US Ambassador Stephen Mull will 'receive a note of protest and a summons for an apology' over the comments made by FBI director James Comey, foreign ministry spokesman Marcin Wojciechowski said on Sunday.
WNU Editor: A poor choice of words from the FBI Director .... there were Nazi collaborators in Poland (just as there were everywhere else) .... but the mass majority of Poles were not. The op-ed that has caused all of this controversy is here .... Why I require FBI agents to visit the Holocaust Museum (James Comey, Washington Post)
More News On Poland's Reaction To The FBI Director's Comments That Some Poles Were Accomplices In The Holocaust
Poland fury at Holocaust comment by FBI's James Comey -- BBC
Poland furious at FBI director over Holocaust remarks -- CBS/AP
Poland summons U.S. ambassador over FBI head's Holocaust remarks -- Reuters
Poland Summons U.S. Ambassador Over FBI Chief’s Holocaust Comments -- Wall Street Journal
Poland demands apology for FBI chief's comment on Holocaust -- The Guardian
Poland furious over FBI Holocaust comments, summons US envoy -- Deutsche Welle
FBI Director’s Washington Post Columnn Leads to Diplomatic Spat With Poland -- Slate
US envoy apologises to Poland over FBI chief's Holocaust claim -- AFP
FBI director got it wrong on the Holocaust -- Anne Applebaum, Washington Post
5 comments:
WNU Editor,
Some reading on the current subject:
http://tabletmag.com/jewish-news-and-politics/101123/nazi-collaborators-or-victims
Jay ... thanks for the link. I can spend all night talking about this subject. My father never talked much about his wartime experience in Poland. He saw one death camp .... and as he told me later .... it is a smell that he will never forget. But to him the Poles were mainly hiding as best as they could from the fighting ... and Soviet soldiers were given strict orders that Poles were to be treated as a liberated people .... not as an ally of Nazi Germany .... but he did encounter Polish prisoners who were in the Waffen SS.

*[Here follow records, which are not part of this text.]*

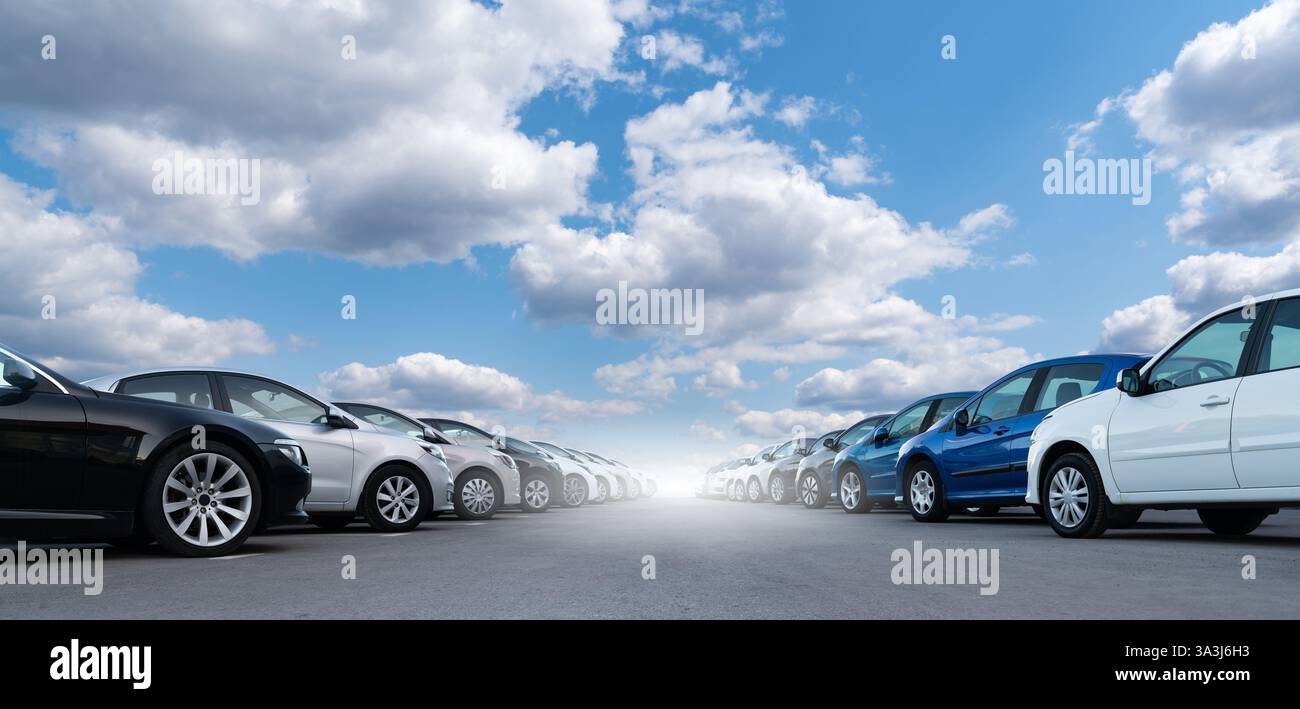 Beaucoup de voitures dans une rangée. Ventes de voitures d'occasion. Banque D'Images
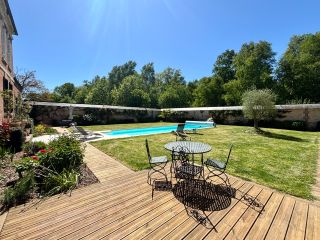 property 8 Rooms for sale on CORNEVILLE SUR RISLE (27500)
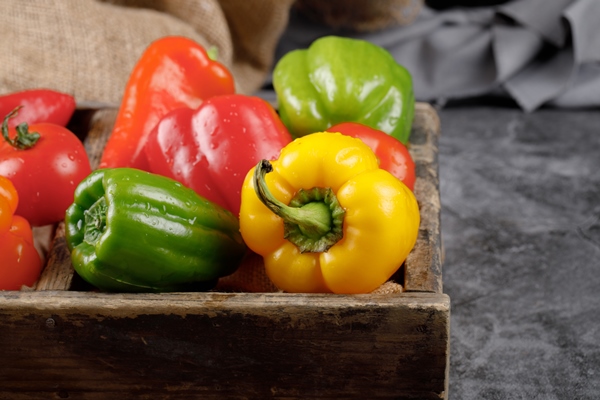 seasonal vegetables in a rustic tray on the grey stone - Шурпа с нутом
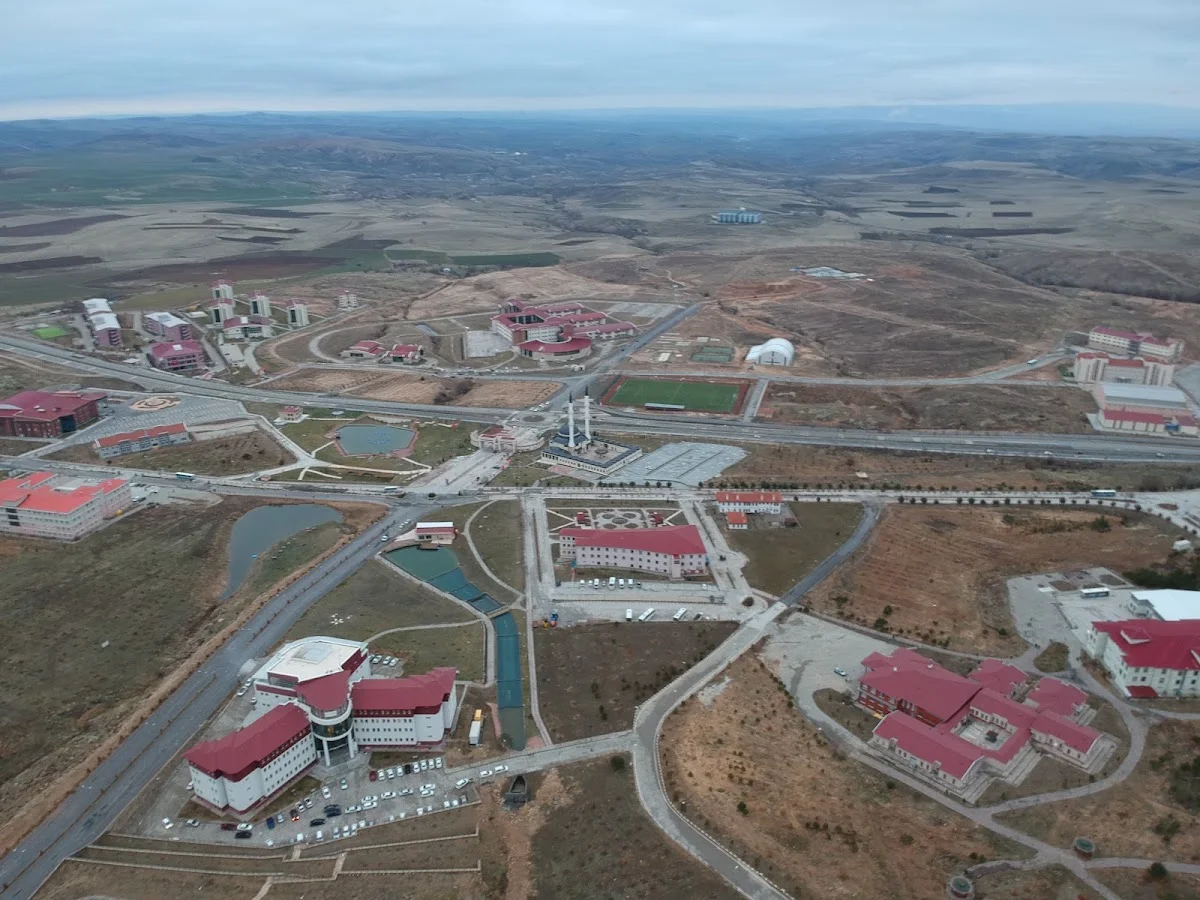 YOZGAT BOZOK ÜNİVERSİTESİ Kampüs Fotoğrafı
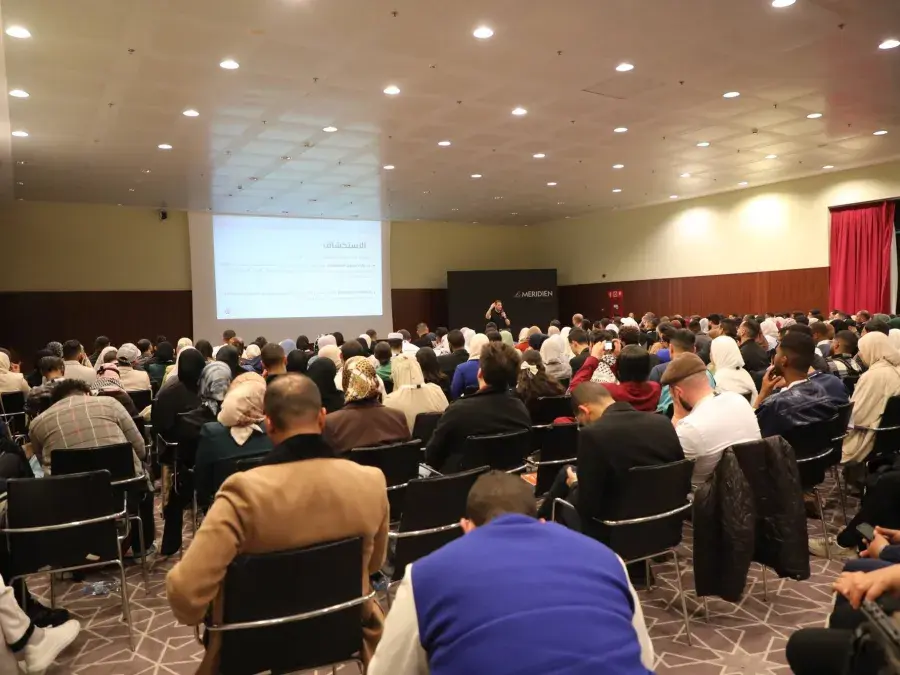 الملتقى الوطني لبرنامج تأهيل القادة الشباب بوهران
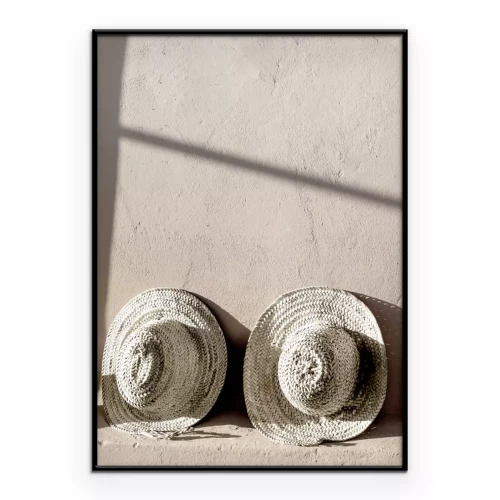 Poster Eine Szene mit Strandhüten in Beigetönen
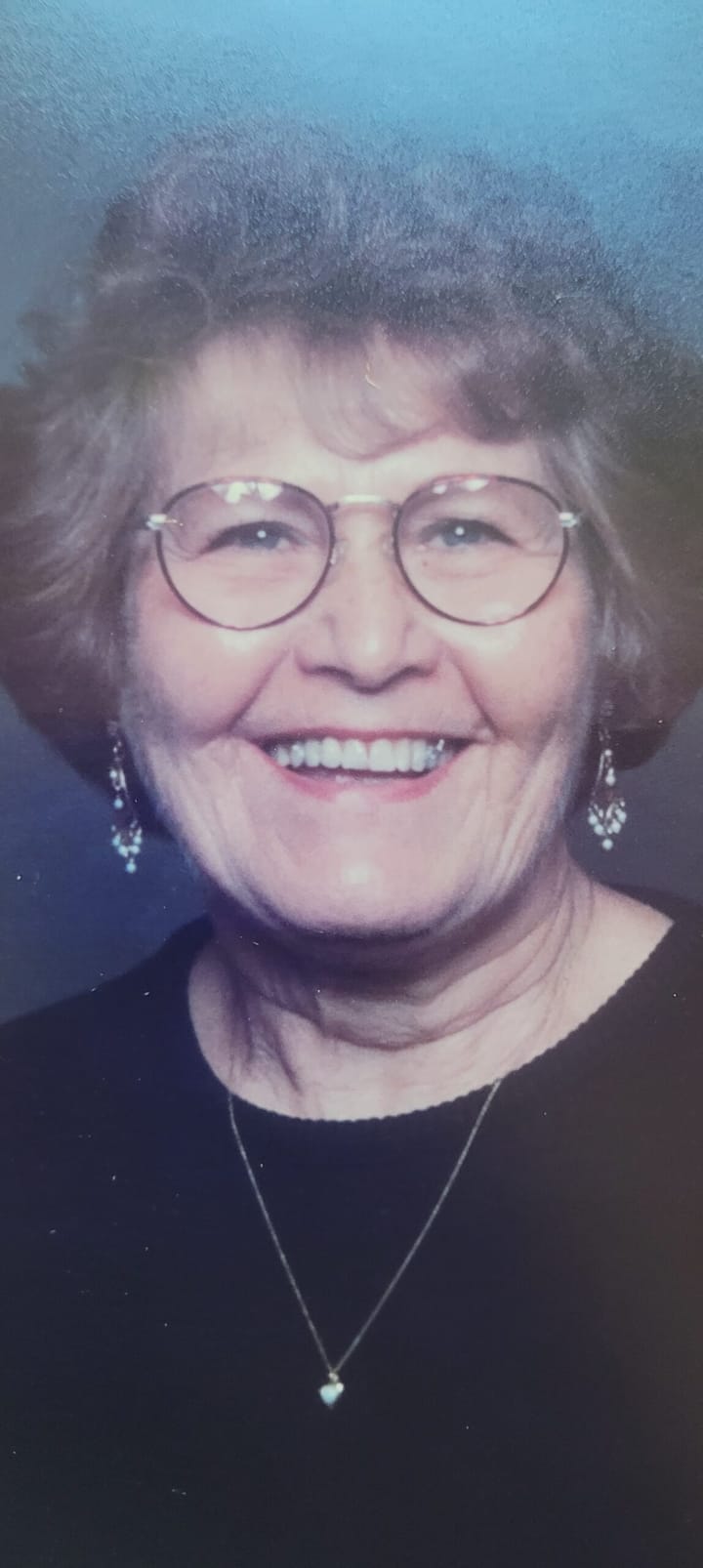 Obituary of Velma Oakland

On a side note .... during the occupation my father mentioned to me that he was astounded with what he saw in Germany. That after fighting the Nazis for almost 4 years .... when he finally ended up in Germany .... there were no Nazis around.
Comey's comment was pretty innocuous, and was truthfull,
The Polish "overreaction" is as the Tablet article noted, based in the Nationalist need to create an AltHistory, and is something that Stalin did all the time.
You can't learn from history, ( not that most humans learn anything from history, When Nationalist Myth replaces actual history.
So true about the present growth of nationalism in eastern Europe .... and while the Western press is more focused on "Russian nationalism", it is in places like Ukraine, Poland, etc. that the "hard-core" nationalism is starting to spread.
The mass majority in any country that wasn't an active war zone was just trying to get on with its life - or, more likely in Eastern Europe, to survive the increasingly heavy-handed German occupation.
About the no Nazis comment though... different people had different impressions. The Allies (including the Soviets for those purposes) would not have noticed it I suppose, but plenty of German intellectuals that were in Germany immediately after the war (and into the late 40s) did complain that the a large chunk of the population was still Nazi, "if Hitler came back today they would all be for him" (Ernst Wiechert, as quoted by Thomas Mann).